Георгий Кизевальтер Родился в 1955 году в Москве. Художник, фотограф, писатель, представитель московской концептуальной школы. Член творческой группы «Коллективные действия» с 1976 по 1989 гг. Участник движения AptArt, член объединения «Клуб Авангардистов» и МСХ. Автор передач на радио «Свобода», различных книг, рассказов и публикаций по современному искусству. Живет в Москве.

Без сомнения, Илья Кабаков был одним из самых выдающихся, неоднозначных и потому интригующих публику художников второй половины ХХ – начала ХХI века в России, и одним из самых известных российских художников в мире. В принципе, в обоих утверждениях легко заменить «одним из самых» на «самым», но я этого делать не буду по вполне резонным причинам. Сложность адекватной оценки вклада Кабакова в искусство сейчас усугубляется тем, что прошло еще очень мало времени с момента его ухода. Тем не менее, я попробую поделиться своими соображениями о его личности, творчестве и значении в сообществе московских концептуалистов.   

Я познакомился с Ильей в 1975 году, придя в его мастерскую вместе с друзьями по предварительному звонку. Кажется, там присутствовали и другие гости.
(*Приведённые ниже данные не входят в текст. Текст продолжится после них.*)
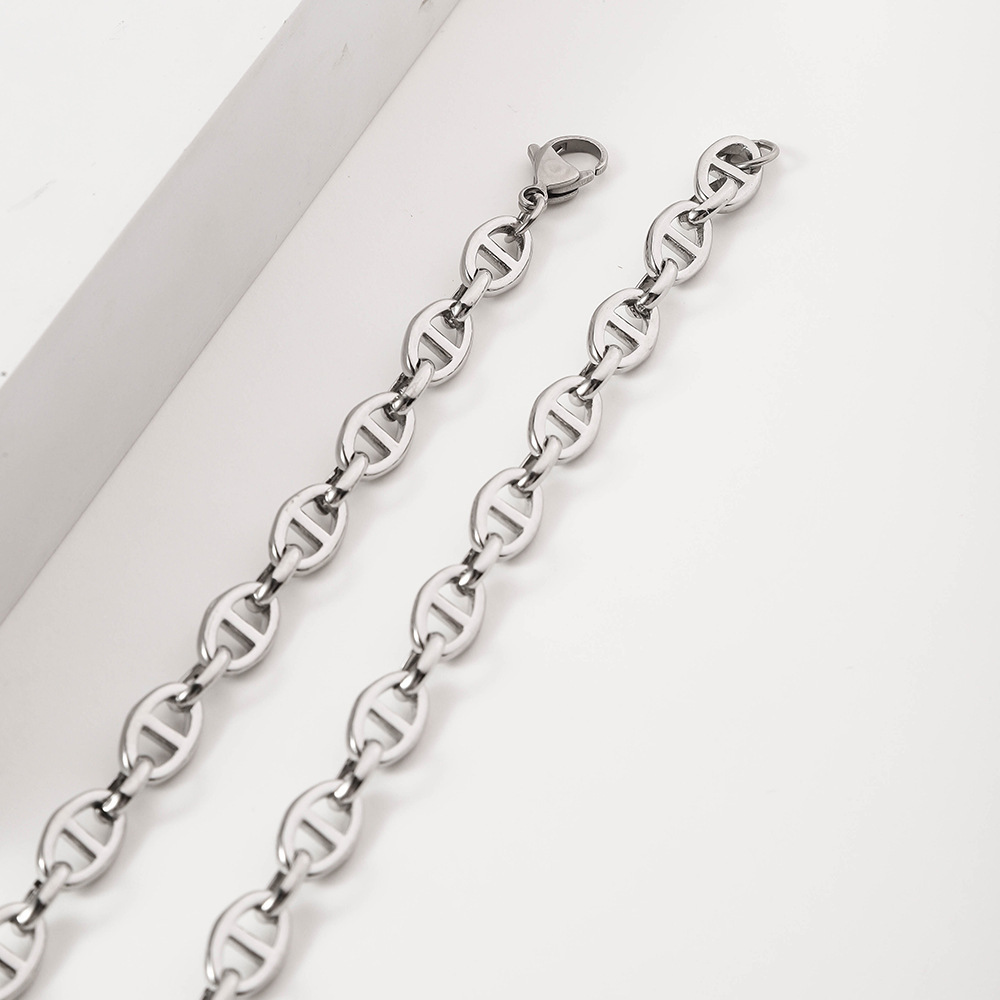 New Stainless Steel Necklace Fashionable Hollow Pig Nose Titanium Steel Bracelet Unisex Polished Craft Animal Zodiac Design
Хозяин был очень вежлив, сдержан и мрачновато-холоден. Это легко объясняется тем, что на тот момент мы (Монастырский, Алексеев и др.) представлялись Кабакову не более чем очередной компанией малопонятных молодых художников и поэтов, которые в те годы приходили к нему почти ежедневно. 
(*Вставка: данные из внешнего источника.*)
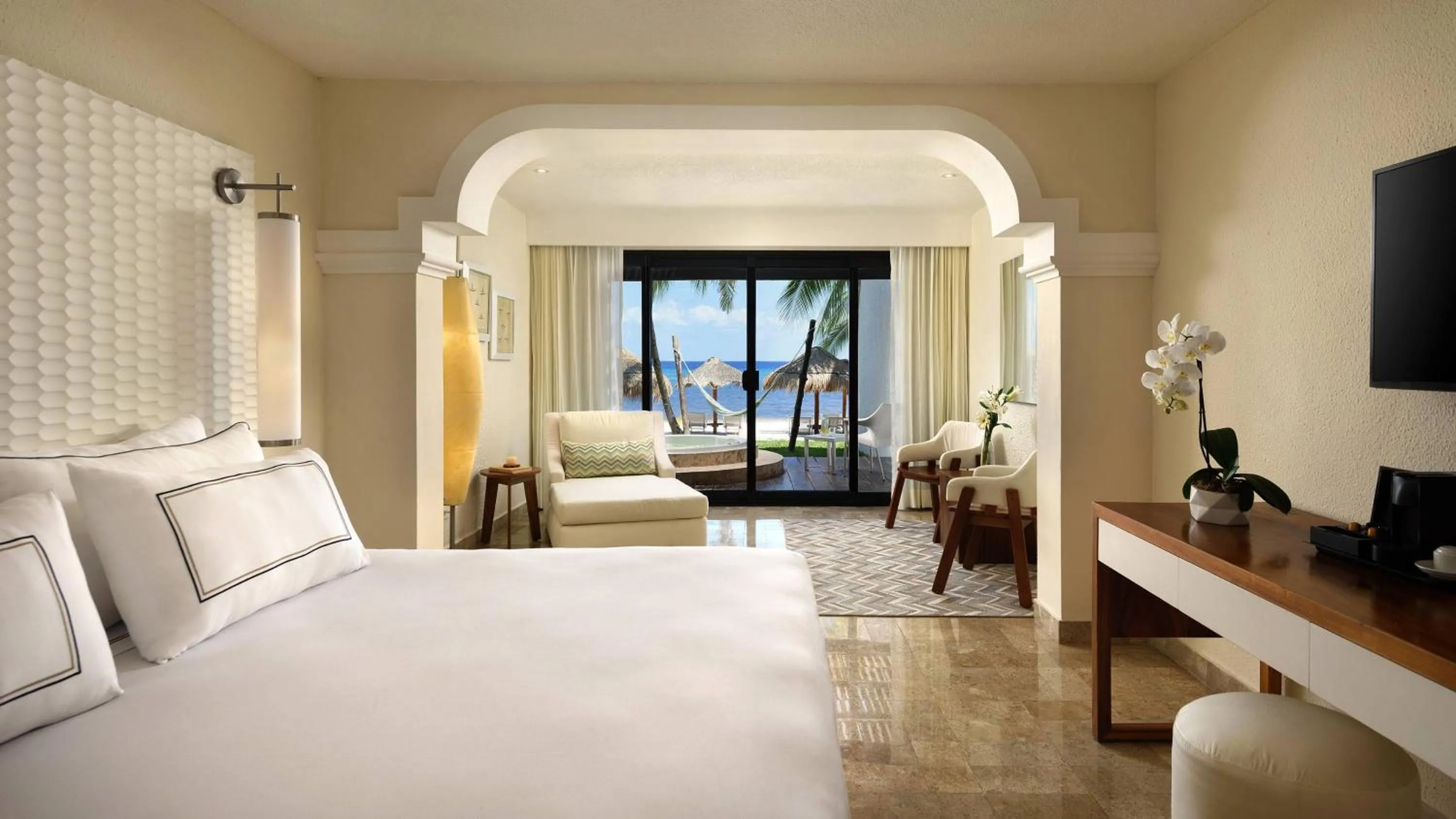 Property building, Bed in Meliá Cozumel - All Inclusive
Когда все собрались и как-то устроились перед самодельным пюпитром, Кабаков достал коробку с первым альбомом из серии «10 персонажей», установил ее на пюпитре, открыл и уверенным тоном стал зачитывать тексты из альбома, переворачивая по прочтению один за другим листы плотной бумаги с наклеенными на них картинками лицом вниз на крышку от альбомной коробки. Кто-то робко сказал, что мы и сами могли бы прочитать эти надписи, но Илья возразил, что, исходя из опыта показов, на таком расстоянии есть вероятность что-то не заметить и пропустить. Тайная подоплека этого спора, ставшая понятной лишь много лет спустя, состояла в том, что для автора альбомов, как он сам объяснил, изображение уже давно не имело права на самостоятельное существование, если не содержало или не включало в себя некий текст-комментарий, поскольку бесконтрольная интерпретация визуального образа зрителем была опасна для художника своей непредсказуемостью и потому требовала непременного сопровождения картинок чем-то вербальным. 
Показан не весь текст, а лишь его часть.